Economists have suggested that the central bank is trying to discourage excessive currency strength.
"It's without question that the Bank is getting uncomfortable with the dramatic move we've seen in the currency," said Douglas Porter, chief economist at Bank of Montreal. "It does have the potential to fundamentally change their upbeat view on non-resource exports."
"And let's face it, that is the main reason to be optimistic on the Canadian economy," Mr. Porter said.
In that sense, the currency's rally has its own built-in limitations. Above a certain price, the dollar ceases to be a net stimulant for the domestic economy. And that price is not far off, Mr. Porter said.
While a recent upswing in oil prices after the global energy crash has been the decisive contributor to loonie strength, there are several other forces that have acted in support.
A couple of months ago, consensus forecasts for the U.S. economy pegged GDP growth at about 2.5 per cent this year. The Canadian economy was not expected to realize growth much higher than 1 per cent. Those two figures are quickly converging at slightly less than 2 per cent.
Weak economic readings have led to reduced expectations for rate hikes by the U.S. Federal Reserve this year. That has sapped some of the strength from the U.S. dollar that resulted from expected monetary tightening.
"Forecasts for first-quarter U.S. growth have now dropped to zero, compounding Fed Chair Janet Yellen's desire for a cautious approach to raising rates," Jasper Lawler, an analyst with CMC Markets, said in a note.
On Tuesday, Mr. Poloz went so far as to attribute "most of the increase" in the loonie recently to "shifts in expectations about monetary policy in both the United States and Canada."
Canada's improved outlook has also seen currency traders retreat from a position of extreme bearishness.
At one point this winter, the net short position against the loonie on the Chicago Mercantile Exchange amounted to more than 50,000 contracts, where each contract is $100,000. That trade has quickly unwound, recently becoming a small net long position for just the second time in the last year-and-a-half, Mr. Porter said.
The Canadian dollar has also benefited from technical support, Bank of Nova Scotia currency strategists Shaun Osborne and Eric Theoret said in a report.
"The most recent gains in the [Canadian dollar] appear to reflect momentum taking over from where fundamentals have brought us so far," the report said. "We think the bear trend in the [U.S.] dollar is well-entrenched in the market at this point."
But for all the sources of loonie strength right now, an extension of the rally is going to require the help of crude oil and other commodities, the analysts said.
"Among the major currencies, the [loonie] currently has the strongest, positive correlation with crude prices and remains closely tied to the broader trend in commodities."

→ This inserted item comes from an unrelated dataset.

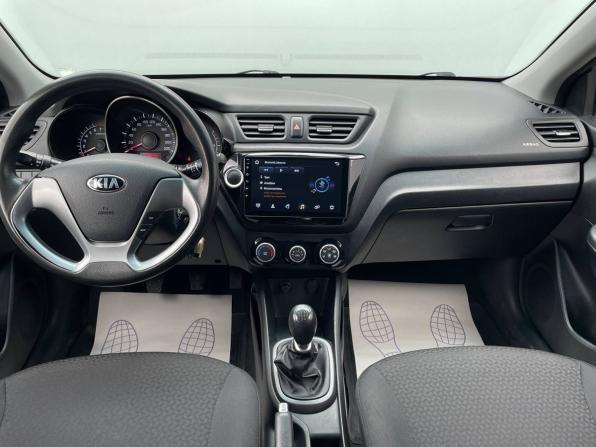 Kia Rio III Рестайлинг с пробегом 2015 года, цена 899 000 рублей, 178522 км, хэтчбек, Автокод Объявления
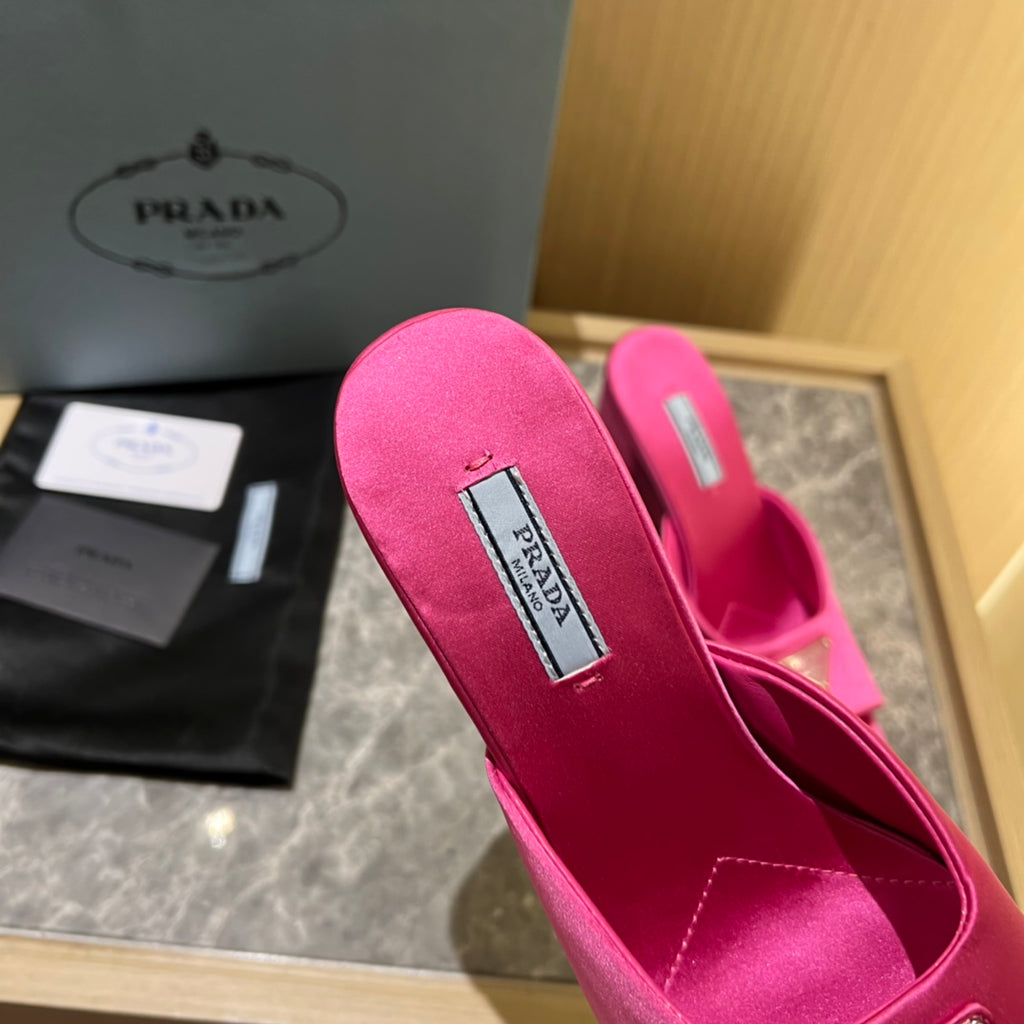 Pink High-heeled satin slides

Already, the Canadian currency has appreciated by 16 per cent against the U.S. dollar over the past three months, which is "exceptionally rare" in its speed and magnitude, Mr. Porter said.
In its quarterly monetary policy report, which was released last week, the Bank of Canada mentioned the stronger dollar as a headwind for non-energy exports. "We see this as gentle jawboning – an attempt to prevent the Canadian dollar from strengthening even as they upgrade growth," Merrill Lynch said in a report.
The stronger loonie also acts to mute the benefits of the recent jump in oil prices for Western Canadian producers. Canada's oil exporters are helped by a weaker loonie because they get paid in U.S. dollars while expenses are tied to the domestic currency. That provided a sizeable cushion as global crude prices sank under $30 a barrel earlier this year, even as profits dried up and producers cut billions of dollars in planned capital spending.
Now the reverse is happening. Gains in the loonie are tempering the benefits from higher U.S. crude prices. Barclays PLC analysts, taking into account recent moves in energy prices and currencies, said they expect cash flow at mid-sized exploration and production companies in 2016 to slump by an average 6 per cent a share from previous estimates, led by steep declines at Trilogy Energy Corp., Paramount Resources Ltd. and Peyto Exploration and Development Corp. That's despite the bank's revised outlook for West Texas intermediate oil to average $42 a barrel in 2016, rising to $50 next year. It previously forecast WTI at $37 and $45 a barrel, respectively.
Should the loonie continue to advance past the 80-cent mark, Mr. Poloz may become more vocal to tame its rise, Mr. Porter said.